My problem is that how calculate Effect (percentage) label of the input variables
by BernoulliNB Algorithm.
NB = BernoulliNB()
NB.fit(X_train, y_train)
and how calculate Effect (percentage) label of the input variables
解決
A Naive Bayes model consists of the probabilities $P(X_i|Class)$ for every feature $X_i$ and every label $Class$. So by looking at the parameters of the model one can see how important a particular feature is for a particular class. the opposite could be calculated as well: $P(Class|X_i)$ represents the distribution of the classes given a feature.
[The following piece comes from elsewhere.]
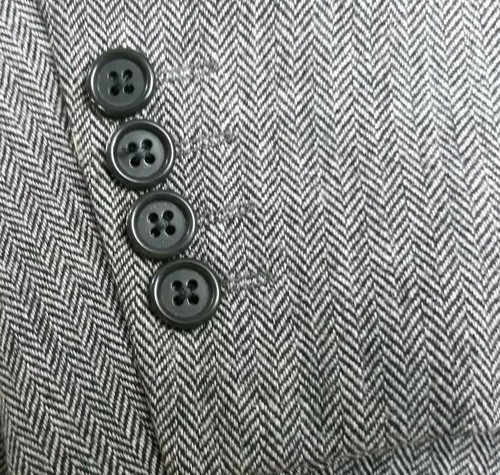 Austin Reed Grey Wool Cashmere Herringbone Suit Jacket -Mens 42R Made In England - Picture 10 of 12
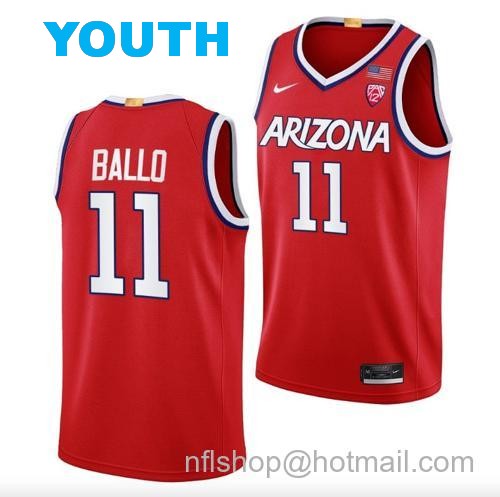 Youth Oumar Ballo Jersey #11 Arizona Wildcats College Basketball Red159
Now at the level of individual instances it's not so clear what would be the "effect" of a particular feature: For every class the posterior probability is:
$$P(Class| X_1,..,X_n) = \frac{P(Class)\prod_i P(X_i|Class)}{P(X_1,..,X_n)}$$
You can easily order the features by how much they contribute to the prediction, i.e. the class which obtains the maximum posterior probability (for instance obtain the top 3 features). However you cannot quantify precisely the effect of each feature, because the prediction is not a linear combination of the features.
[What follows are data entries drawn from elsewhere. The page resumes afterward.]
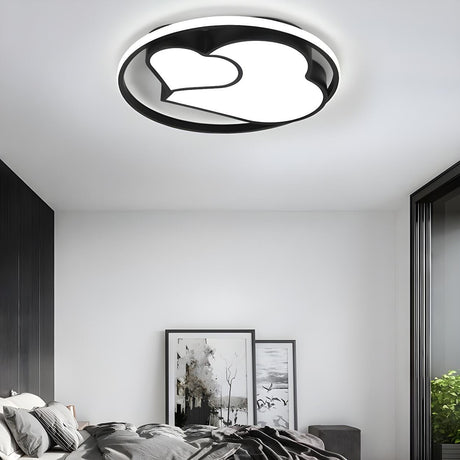 Bedroom Black Loving Heart LED Flush Mount Ceiling Lamp Image - 1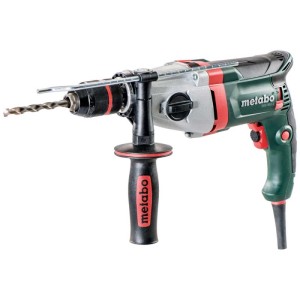 Metabo Schlagbohrmaschine SBE 850-2 mit Bohrer und Zusatzhandgriff.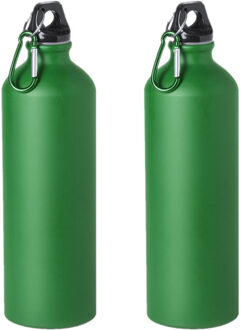 2x Stuks aluminium waterfles/drinkfles groen met schroefdop en karabijnhaak 800 ml - Drinkflessen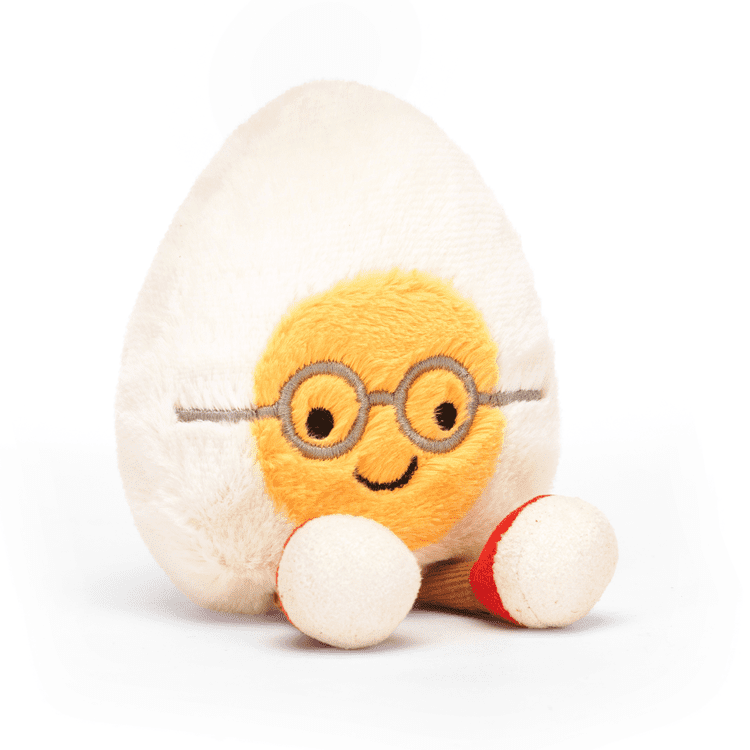 A push Amusable Boiled Egg sits smiling, wearing a pair of glasses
[Details added following comments]
Due to the NB assumption that features are independent, we have:
$P(Class|X_1,..,X_n) = \prod_i P(X_i|Class)$
$P(Class|X_1,..,X_n) = P(X_1|Class) * P(X_2|Class) * .. * P(X_n|Class)$
From the conditional definition:
$P(Class|X_1,..,X_n) = P(Class,X_1,..,X_n) / P(X_1,..,X_n)$
which gives:
$P(Class,X_1,..,X_n) = P(Class) * P(Class|X_1,..,X_n)$ $P(Class,X_1,..,X_n) = P(Class) * P(X_1|Class) * P(X_2|Class) * .. * P(X_n|Class)$
Now we use the marginal to calculate $P(X_1,..,X_n)$:
$P(X_1,..,X_n) = \sum_j P(Class_j,X_1,..,X_n)$ $P(X_1,..,X_n) = P(Class_1,X_1,..,X_n) + .. + P(Class_n,X_1,..,X_n)$
So at the end we have $P(Class,X_1,..,X_n)$ and $P(X_1,..,X_n)$, so we can calculate:
$P(Class|X_1,..,X_n) = P(Class,X_1,..,X_n) / P(X_1,..,X_n)$
Note that if you do all these steps you should obtain the same probability for $P(Class|X_1,..,X_n)$ as the one returned by the function predict_proba
.
Caution: the functions feature_log_prob_
and class_log_prior_
don't give you the probability directly, they give you the logarithm of the prob. So you need to apply exponential in order to get back the probability.